[or-cvs] r9606: Clarify some aspects of proposal process, based on questions (in tor/trunk: . doc/spec/proposals)

nickm at seul.org nickm at seul.org
Tue Feb 20 23:22:34 UTC 2007


Author: nickm
Date: 2007-02-20 18:22:33 -0500 (Tue, 20 Feb 2007)
New Revision: 9606

Modified:
   tor/trunk/
   tor/trunk/doc/spec/proposals/001-process.txt
Log:
 r12276 at Kushana:  nickm | 2007-02-20 18:16:48 -0500
 Clarify some aspects of proposal process, based on questions from phobos.

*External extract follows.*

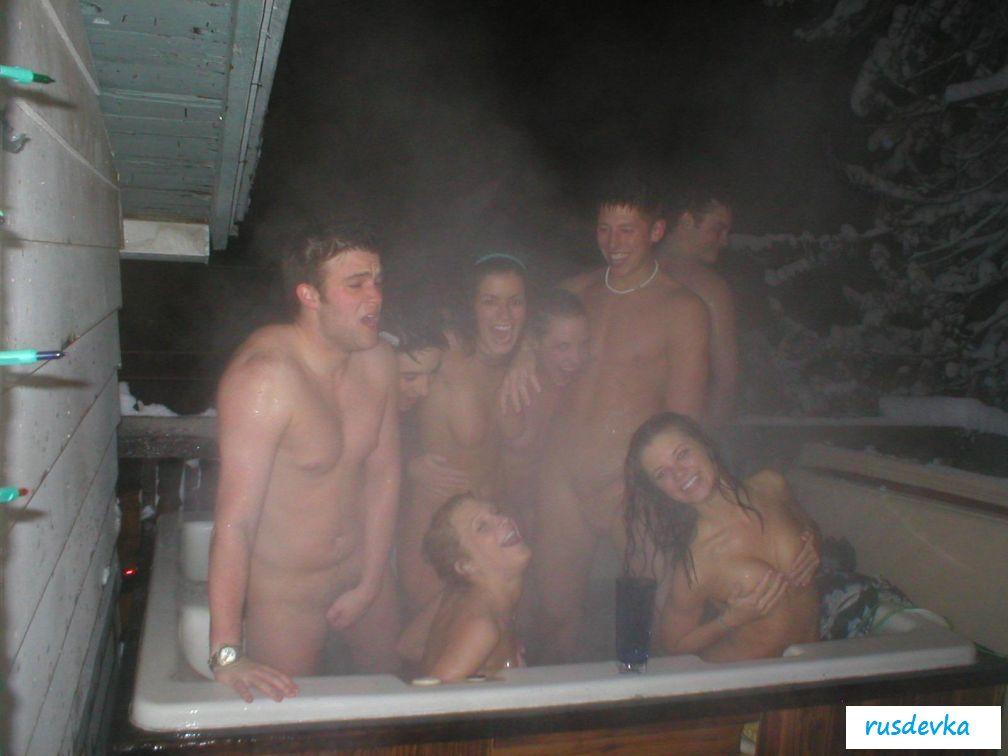 Вечеринка в бане голышом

Property changes on: tor/trunk
___________________________________________________________________
 svk:merge ticket from /tor/trunk [r12276] on c95137ef-5f19-0410-b913-86e773d04f59

Modified: tor/trunk/doc/spec/proposals/001-process.txt
===================================================================
--- tor/trunk/doc/spec/proposals/001-process.txt	2007-02-20 23:22:27 UTC (rev 9605)
+++ tor/trunk/doc/spec/proposals/001-process.txt	2007-02-20 23:22:33 UTC (rev 9606)
@@ -45,7 +45,8 @@
    Once it's fleshed out enough, it becomes a proposal.
 
    Like an RFC, every proposal gets a number.  Unlike RFCs, proposals can
-   change over time and keep the same number.  The history for each proposal
+   change over time and keep the same number, until they are finally
+   accepted or rejected.  The history for each proposal
    will be stored in the Tor Subversion repository.
 
    Once a proposal is in the repository, we should discuss and improve it
@@ -55,7 +56,8 @@
    remain the canonical documentation for the Tor protocol: no proposal is
    ever the canonical documentation for an implemented feature.
 
-   {It's still okay to make small changes to the spec if the code can be
+   {It's still okay to make small changes directly to the spec if the code
+   can be
    written more or less immediately, or cosmetic changes if no code change is
    required.  This document reflects the current developers' _intent_, not
    a permanent promise to always use this process in the future: we reserve
@@ -66,9 +68,13 @@
 
   Once an idea has been proposed on the development list, a properly formatted
   (see below) draft exists, and rough consensus withing the active development
-  community exists that this idea warrants consideration the proposal editor
-  will official add the proposal.
+  community exists that this idea warrants consideration, the proposal editor
+  will officially add the proposal.
 
+  To get your proposal in, send it to or-dev.
+
+  The current proposal editor is Nick Mathewson.
+
 What should go in a proposal:
 
    Every proposal should have a header containing these fields:
@@ -82,7 +88,7 @@
    After the Overview, the proposal becomes more free-form.  Depending on its
    the length and complexity, the proposal can break into sections as
    appropriate, or follow a short discursive format.  Every proposal should
-   contain at least the following information before it can be "ACCEPTED",
+   contain at least the following information before it is "ACCEPTED",
    though the information does not need to be in sections with these names.
 
       Motivation: What problem is the proposal trying to solve?  Why does
@@ -127,15 +133,21 @@
    Open: A proposal under discussion.
 
    Accepted: The proposal is complete, and we intend to implement it.
+      After this point, substantive changes to the proposal should be
+      avoided, and regarded as a sign of the process having failed
+      somewhere.
 
-   Finished: The proposal has been accepted and implemented.
+   Finished: The proposal has been accepted and implemented.  After this
+      point, the proposal should not be changed.
 
    Closed: The proposal has been accepted, implemented, and merged into the
-      main specification documents.
+      main specification documents.  The proposal should not be changed after
+      this point.
 
    Rejected: We're not going to implement the feature as described here,
       though we might do some other version.  See comments in the document
-      for details.
+      for details.  The proposal should not be changed after this point;
+      to bring up some other version of the idea, write a new proposal.
 
    Needs-Revision: The idea for the proposal is a good one, but the proposal
       as it stands has serious problems that keep it from being accepted.